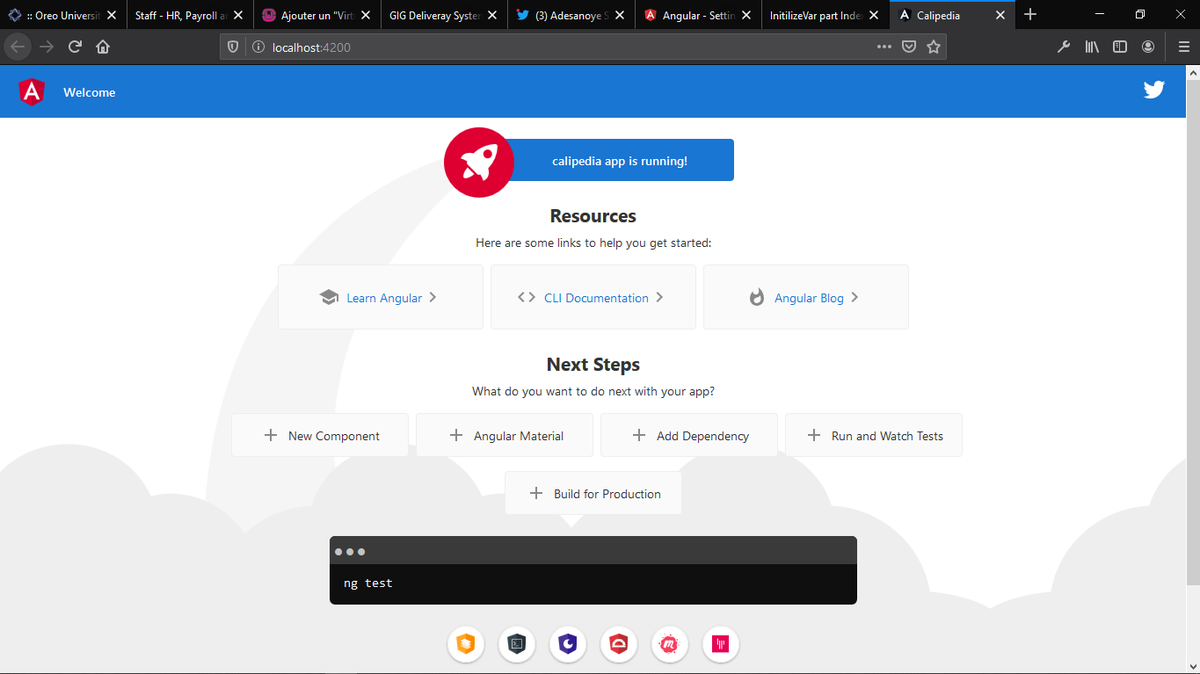 khaleb_dev's tweet photo. #150DaysOfALC4 #ALCwithGoogle #GrowWithGoogle
After 3weeks of battle with Angular installation and Setup, I finally fixed it. Thanks to @kingzamzon
I never knew my antivirus could hinder Angular Installations.
#life_of_a_programmer
#weird_coder #weird_energy https://t.co/QsvXabpdSe
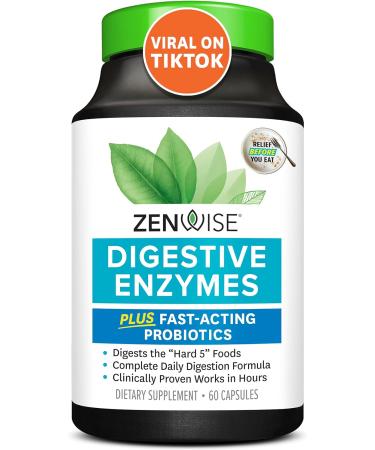 Zenwise Health Digestive Enzymes with Prebiotics + Probiotics 60 Capsules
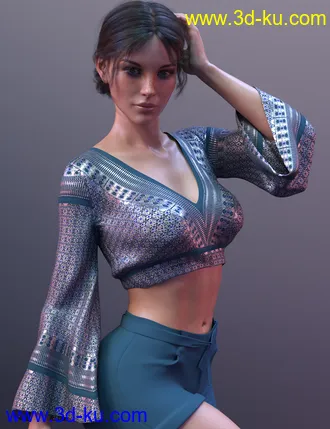 3D打印模型X-Fashion Summer Ladies Outfit for Genesis 8 and 8.1 Females的图片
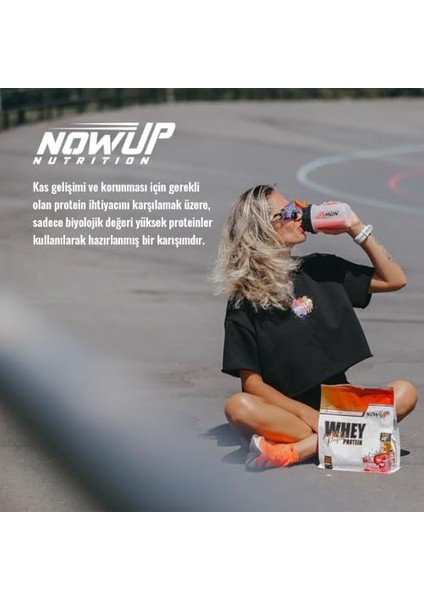 Nowup Nutrıtıon Whey Protein 2160 gr – Kas Gelişimi, Hızlı Emilim ve Yüksek Protein Içeriği – Çikolata & Milkshake Aromalı Protein Tozu- 60 Servis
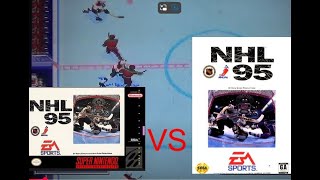 NHL 95 [SNES vs Genesis]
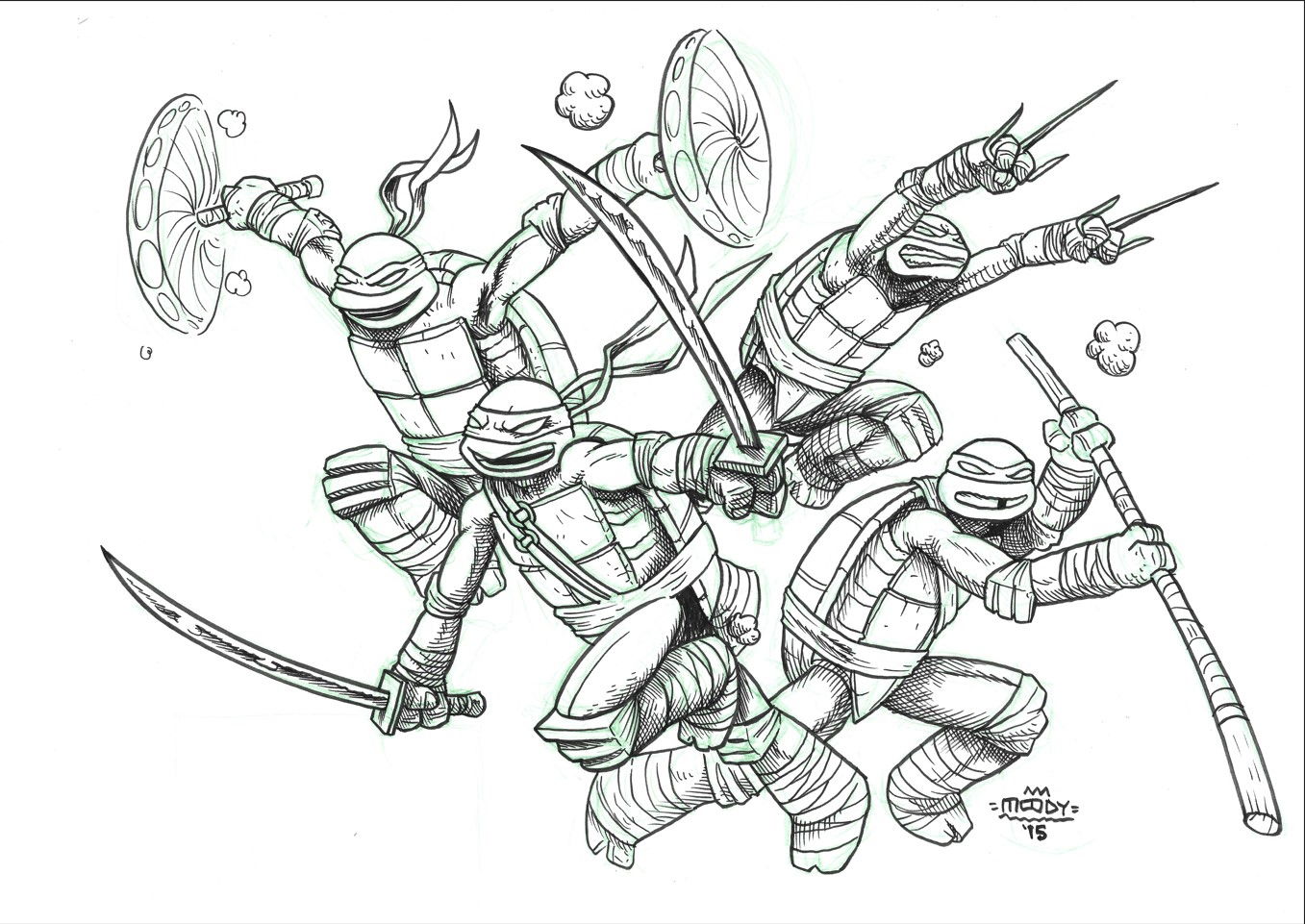 Buster Moody- Tmnt, In Joshua Even's Tmnt And Other Strangeness Comic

^^^^^^^^^^^^^^^^

Please print exactly the lines from the line containing "NHL 95 [SNES vs Genesis]" through the end of the records above, both included, leaving out every picture.

Response area:
 NHL 95 [SNES vs Genesis]
 Buster Moody- Tmnt, In Joshua Even's Tmnt And Other Strangeness Comic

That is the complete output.